# Does a size 12 need a wide board



## Guest (Sep 22, 2009)

I am a size twelve boot and am wondering if I should stick with a regular board or switch to a wide.


----------



## tekniq33 (Mar 18, 2009)

Also consider a low profile boot such as the Salomon F series. I got those and also got surefoot inserts which allowed me an 11.5 and the footprint of probably an 11. There are also risers you can buy or bindings liek the Ride NRC or CAD with thick footbeds that raise your foot up.


----------



## Dano (Sep 16, 2009)

You need a Wide dude


----------



## TeamSR (Apr 22, 2009)

tekniq33 said:


> Also consider a low profile boot such as the Salomon F series. I got those and also got surefoot inserts which allowed me an 11.5 and the footprint of probably an 11. There are also risers you can buy or bindings liek the Ride NRC or CAD with thick footbeds that raise your foot up.
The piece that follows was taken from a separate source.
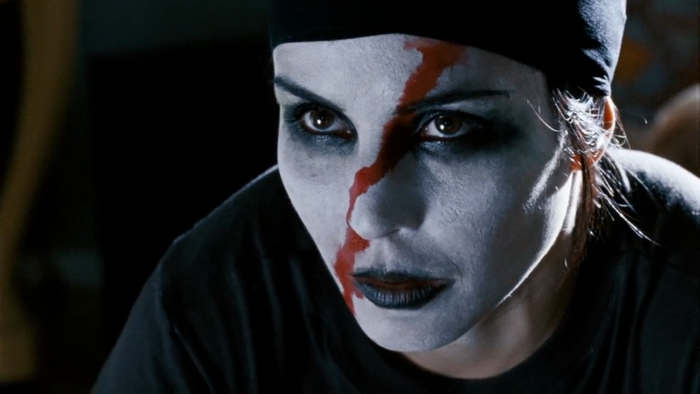 Noomi Rapace with face paint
You could also go with something like a palmer plate which will raise your bindings up a bit as well. For a 12 though (i ride an 11.5 on a regular width deck) however, i ride +15/-15 so i can make it work reletively easy. I would say just go with a wide or a mid-wide.


----------



## FLuiD (Jul 6, 2009)

As what's been said it all depends on stance, board, binding and boot combo. 12 is just big enough that most likely you will need a wide or a mid-wide. I ride normal width boards all day with an 11.


----------



## snoeboarder (Sep 19, 2008)

lots of companies going mid-wide, its easier now than ever


----------



## Guest (Sep 24, 2009)

I wear size 12/mondo 30. I've done the following:

1. Palmer plates and Burton risers. They did eliminate any toe/heel drag. However, they cost $, and I have several boards in the quiver. Pain in the butt to switch out, too. I've also had problems with screws coming loose (even w/lock tight). I finally gave up and tried...

2. Wide board. Definitely not for me. I ride mostly freeride and am sensitive to board dimmensions. Width change definitely threw me off. Again, quiver has many other boards that are not wide. So, I gave up on that pretty fast and...

3. Said screw it. I mounted my Never Summer T5 with some T9s right on the deck and hit the resort. I spent a day riding just about everything the place had to offer: steeps, bumps, groomers, park, trees. Dialed in, and have not had any problems. That was 2 seasons ago. 

In hindsight, I wish I'd not monkeyed around with 1 and 2.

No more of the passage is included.